Households have spent their incomes in advance, and the same goes for local and national governments. Once consumer credit was institutionalised -- public spending is also consumption -- to become the fuel for growth in demand, it could only lead to excess. The multiplication at each turnover was completely out of step with the growth of domestic product, and the outcome was unavoidable. What needs explaining, therefore, is not the proliferation of consumer credit, it is the reason for its existence in the first place. Why did growth in consumer incomes (wages and taxes) lag behind so consistently that it had to be supplemented and progressively supplanted by growth in consumer credit?

Increased investments are supposed to increase incomes, so that consumer demand keeps up with supply. If this was the case, invested credit would fuel growth in demand for both investment and consumption. This ideal balance is in fact upset by inherent problems, namely interest, inflation and private property.

Invested credit comes back increased by the added value of human labour. If some added value goes to interest, human labour gets less than its share, and consumer demand is insufficient. Unless the interest is the value of banking labour, and is consumed. But, as banking costs are added to interest, this is never the case. Interest goes to financing more credit, which results in more interest in an ever increasing spiral.

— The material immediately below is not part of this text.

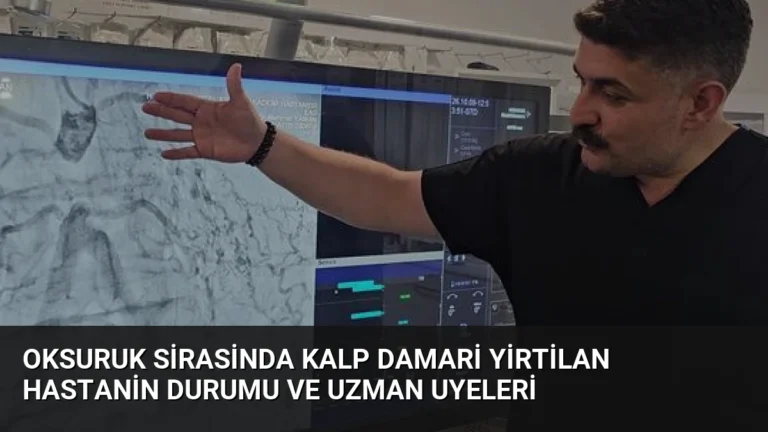 Oksuruk Sirasinda Kalp Damari Yirtilan Hastanin Durumu ve Uzman Uyeleri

Not all increased investments lead directly to increased consumption. Many investments, such as R&D, far precede the equivalent consumption. More generally, growth in production begins at the primary and secondary stages before reaching the consumer stage. This is most obvious when a nation rebuilds the destructions of war. There is plenty of work, but not much to eat, nothing to wear and nowhere to live. If, during the first stages of growth, increased investments go to increasing incomes, then consumer demand will precede consumer supply, with inflationary consequences. More money chasing the same quantity of goods and services induces a rise in prices. And, when the consumer supply does increase, the higher prices cannot be met by demand. However, if the growth in investments continues, as it did in post-WW2 Europe and Japan, the continuing growth in incomes this generates will at some point be in step with increasing consumer supply. Later, if investment growth slows down while consumer supply is still growing fast, demand must be stimulated with credit. All the more so when investments begin to be outsourced, taking incomes with them.

Invested credit takes interest away from incomes. But there is also the question of who owns the investment. Is it the banker who grants the virtual value of credit, or is it the entrepreneur who puts it into a production process to create real value? Moreover, incomes never seem to correspond to consumer supply, too much or too little. The litigious property of the means of production, and the constantly unbalanced state of consumer supply and demand, logically led to the notion that incomes should be invested, thereby clarifying the ownership of investments, and that consumption should be credited according to supply. So most incomes stagnated while a few got bigger and bigger as they accumulated interest, rent and profit. And consumer credit, mortgages and government debts had to multiply extravagantly just to stay ahead. A jump from the frying-pan of banks/central bank/government control over investments and of endemic inflation, into the fire of an abysmal incomes gap and a catastrophic credit collapse. And, as things are shaping up, humanity is about to scramble back into the frying-pan.

Having walked on the Moon and landed on Mars, having invented perfume and wine, having cloned and genetically modified living matter, split and fused atoms and run a hundred metres in less than ten seconds, must humankind resign itself to these two dismal alternatives?